MohamedELGAMASY

Posted on Jul 4

[Part02] Getting Started with Red Hat OpenShift with NVIDIA

#nvidia #openshift #ai #programming

Getting Started with Red Hat OpenShift with NVIDIA

Prerequisites

Before deploying NVIDIA networking solutions on OpenShift, ensure the following prerequisites are met:

A functioning Red Hat OpenShift Container Platform cluster (version 4.10 or later recommended)
NVIDIA networking hardware (Mellanox ConnectX or BlueField series) installed in worker nodes
Node Feature Discovery (NFD) operator installed and configured
SR-IOV Network Operator installed (if using SR-IOV capabilities)
GPU Operator installed (if using GPUDirect RDMA)
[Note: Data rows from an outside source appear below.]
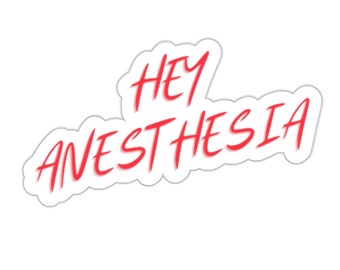 Pegatina "Hola Anestesia" - Regalo divertido para anestesiólogos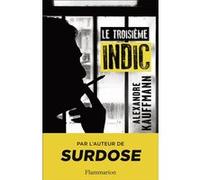 Le Troisième Indic Alexandre Kauffmann (Auteur)
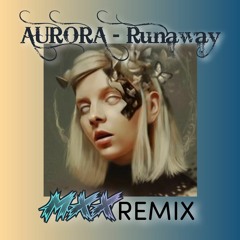 Aurora - Runaway (Mxx Remix)
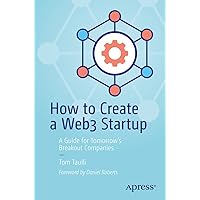 How to Create a Web3 Startup: A Guide for Tomorrow’s Breakout Companies How to Create a Web3 Startup: A Guide for Tomorrow’s Breakout Companies Paperback Kindle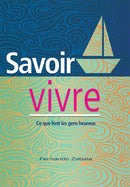 SAVOIR VIVRE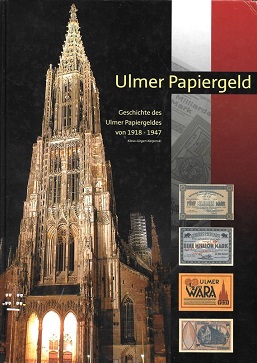 Karpinski, Klaus-Juergen  Ulmer Papiergeld Geschichte des Ulmer 
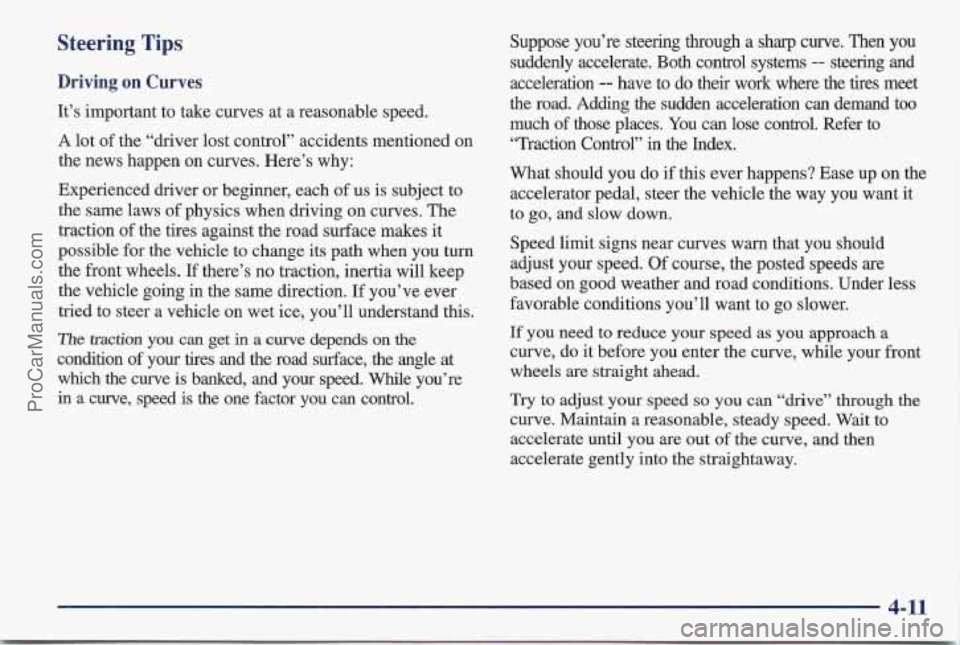 PONTIAC BONNEVILLE 1997 Owners Manual Steering Tips
Driving on Curves
It’s important to take curves at a reasonable speed.
A lot of the “driver lost control” accidents mentioned on
the news happen on curves. He PONTIAC BONNEVILLE 1997 Owners Manual Steering Tips
Driving on Curves
It’s important to take curves at a reasonable speed.
A lot of the “driver lost control” accidents mentioned on
the news happen on curves. He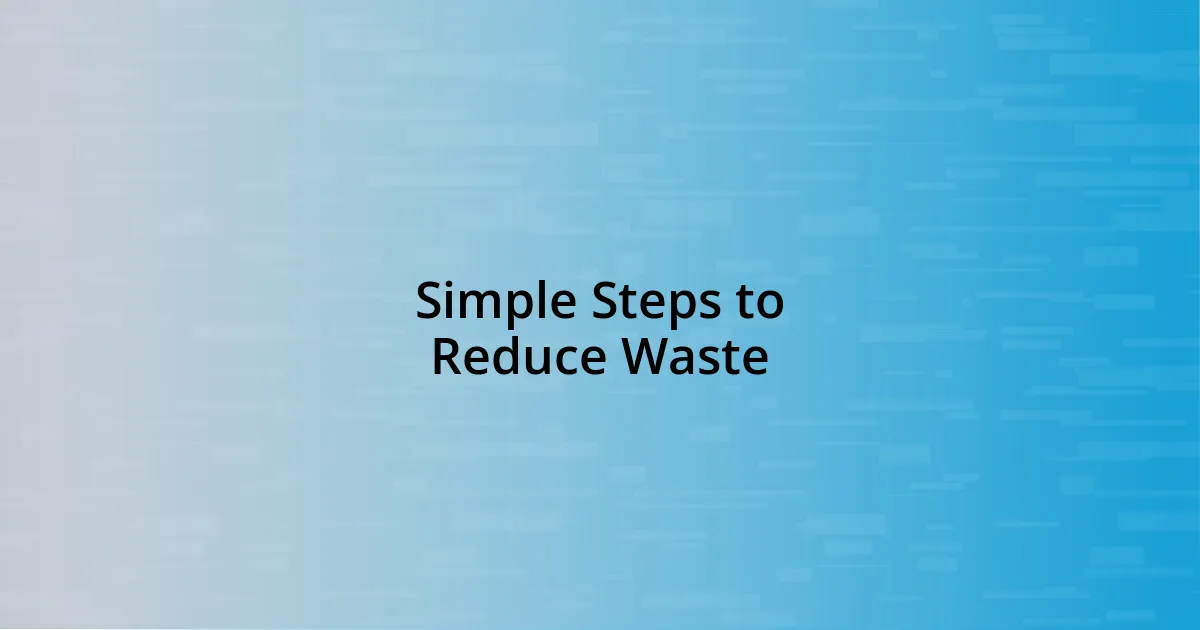 Simple Steps to Reduce Waste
Understanding Networking Technologies

Ethernet vs. InfiniBand

When planning your OpenShift deployment with NVIDIA networking hardware, it's crucial to understand the fundamental differences between Ethernet and InfiniBand technologies:

Feature	Ethernet	InfiniBand
Design Purpose	General data movement between systems	High reliability, high bandwidth, low latency for supercomputing clusters
Latency Handling	Store-and-forward with MAC address transport	Cut-through approach with 16-bit LID for faster forwarding
Network Reliability	No scheduling-based flow control, potential for congestion	End-to-end flow control providing lossless networking
Network Mode	MAC addresses with ARP protocol	Built-in software-defined networking with subnet manager
OpenShift Compatibility	Native support	Requires special configuration and cannot be used for cluster API traffic

Important Note: OpenShift installation requires Ethernet connectivity for the cluster API traffic. InfiniBand can only be used as a secondary network for application traffic after the cluster is installed.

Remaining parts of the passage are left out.